*** Data in this exercise ***

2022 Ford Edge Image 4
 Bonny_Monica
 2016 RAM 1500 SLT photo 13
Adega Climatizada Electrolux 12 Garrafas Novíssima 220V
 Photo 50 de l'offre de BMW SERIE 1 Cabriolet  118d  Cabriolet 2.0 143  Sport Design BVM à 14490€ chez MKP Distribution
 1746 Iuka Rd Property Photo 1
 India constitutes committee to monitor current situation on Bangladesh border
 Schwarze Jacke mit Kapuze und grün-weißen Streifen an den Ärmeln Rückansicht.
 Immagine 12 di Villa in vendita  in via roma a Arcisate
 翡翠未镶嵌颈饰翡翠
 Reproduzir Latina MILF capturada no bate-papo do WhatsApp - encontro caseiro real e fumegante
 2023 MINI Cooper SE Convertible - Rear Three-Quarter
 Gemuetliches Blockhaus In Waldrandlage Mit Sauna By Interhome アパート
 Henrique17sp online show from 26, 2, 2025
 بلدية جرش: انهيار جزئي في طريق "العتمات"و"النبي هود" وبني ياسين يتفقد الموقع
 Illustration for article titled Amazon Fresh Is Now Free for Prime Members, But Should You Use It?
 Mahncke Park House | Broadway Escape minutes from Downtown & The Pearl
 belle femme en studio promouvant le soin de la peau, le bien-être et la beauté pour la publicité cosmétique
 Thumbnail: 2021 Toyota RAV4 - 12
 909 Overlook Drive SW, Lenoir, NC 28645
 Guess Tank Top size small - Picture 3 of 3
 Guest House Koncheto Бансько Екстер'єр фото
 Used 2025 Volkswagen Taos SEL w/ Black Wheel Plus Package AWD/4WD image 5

*** End of Data in this exercise ***

**Task directions**:
Repeat the records exactly, leaving out none of them.

**Result for this exercise**:
2022 Ford Edge Image 4
 Bonny_Monica
 2016 RAM 1500 SLT photo 13
Adega Climatizada Electrolux 12 Garrafas Novíssima 220V
 Photo 50 de l'offre de BMW SERIE 1 Cabriolet  118d  Cabriolet 2.0 143  Sport Design BVM à 14490€ chez MKP Distribution
 1746 Iuka Rd Property Photo 1
 India constitutes committee to monitor current situation on Bangladesh border
 Schwarze Jacke mit Kapuze und grün-weißen Streifen an den Ärmeln Rückansicht.
 Immagine 12 di Villa in vendita  in via roma a Arcisate
 翡翠未镶嵌颈饰翡翠
 Reproduzir Latina MILF capturada no bate-papo do WhatsApp - encontro caseiro real e fumegante
 2023 MINI Cooper SE Convertible - Rear Three-Quarter
 Gemuetliches Blockhaus In Waldrandlage Mit Sauna By Interhome アパート
 Henrique17sp online show from 26, 2, 2025
 بلدية جرش: انهيار جزئي في طريق "العتمات"و"النبي هود" وبني ياسين يتفقد الموقع
 Illustration for article titled Amazon Fresh Is Now Free for Prime Members, But Should You Use It?
 Mahncke Park House | Broadway Escape minutes from Downtown & The Pearl
 belle femme en studio promouvant le soin de la peau, le bien-être et la beauté pour la publicité cosmétique
 Thumbnail: 2021 Toyota RAV4 - 12
 909 Overlook Drive SW, Lenoir, NC 28645
 Guess Tank Top size small - Picture 3 of 3
 Guest House Koncheto Бансько Екстер'єр фото
 Used 2025 Volkswagen Taos SEL w/ Black Wheel Plus Package AWD/4WD image 5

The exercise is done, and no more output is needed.